Encontrei uma cidade de mulheres fortes. Estão sofrendo, mas reagindo. Elas sobraram no pedaço. E tentam administrar a ressaca infernal deixada pelo consórcio Norte Energia, que tocou as obras da Usina Hidrelétrica de Belo Monte. A construção impactou o rio Xingu, o povo da floresta amazônica e deixou um rastro de destruição e truculência urbana com graves consequência na vida das altamirenses. O canteiro de obras atraiu quase 50 mil homens para o lugar, onde viviam 96 mil habitantes. Não havia esgoto e segurança pública suficientes para atender a explosão populacional. As demandas sociais multiplicaram, o trânsito passou a matar demais, faltaram ruas, casas, comida…
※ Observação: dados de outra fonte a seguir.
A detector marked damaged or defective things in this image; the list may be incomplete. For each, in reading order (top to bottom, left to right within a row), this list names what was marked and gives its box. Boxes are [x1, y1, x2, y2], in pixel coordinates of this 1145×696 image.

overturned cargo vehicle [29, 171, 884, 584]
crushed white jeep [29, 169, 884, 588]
Ao chegar, fui primeiro ao cemitério São Sebastião. Vi, de cara, uma cruz branca com o nome de Jéssica. A cova parecia fresca; e Jéssica, assassinada aos 25 anos, tinha menos que a idade de minha filha, Luíza. Foi Índio, o coveiro baixinho, descendente de uma das 20 etnias indígenas da região, quem melhor traduziu a mortandade. Ele desconhece o significado da palavra taxa, mas dá a medida da tragédia: “Não tem mais terra virgem aqui no campo santo. Ponho um caixão em cima do outro”.
Índio me contou que a morte não era para Jéssica. Ela estava na garupa da moto com o marido. Os 20 tiros eram para executá-lo. Dezenove o atingiram na cabeça. Um pegou Jéssica no peito. O coveiro não sabia mais nada sobre Jéssica. Não sosseguei enquanto não encontrei sua família, seus três filhos, sua história. O que aquela moça enfrentou coincide com a vida de milhares e milhares de mulheres da sua geração – da gravidez/casamento precoce ao deslumbramento com um emprego na construção de Belo Monte, passando pela violência doméstica e pela clássica desproteção do Estado. Visitei várias vezes Dalva Nazaré da Silva, 61 anos, viúva, mãe de Jéssica, que agora cria os filhos que ela deixou. Dalva ouvira uma saraivada de balas perto de casa. Estava com os neto. Todos viram o corpo de Jéssica tombar sem vida.
Victor reuniu imagens neste vídeo, que agora disponibilizamos aqui. É um breve relato nosso sobre o que vivemos naqueles dias inesquecíveis. A memória não desgruda daquilo que nos impacta. Altamira me marcou pra sempre.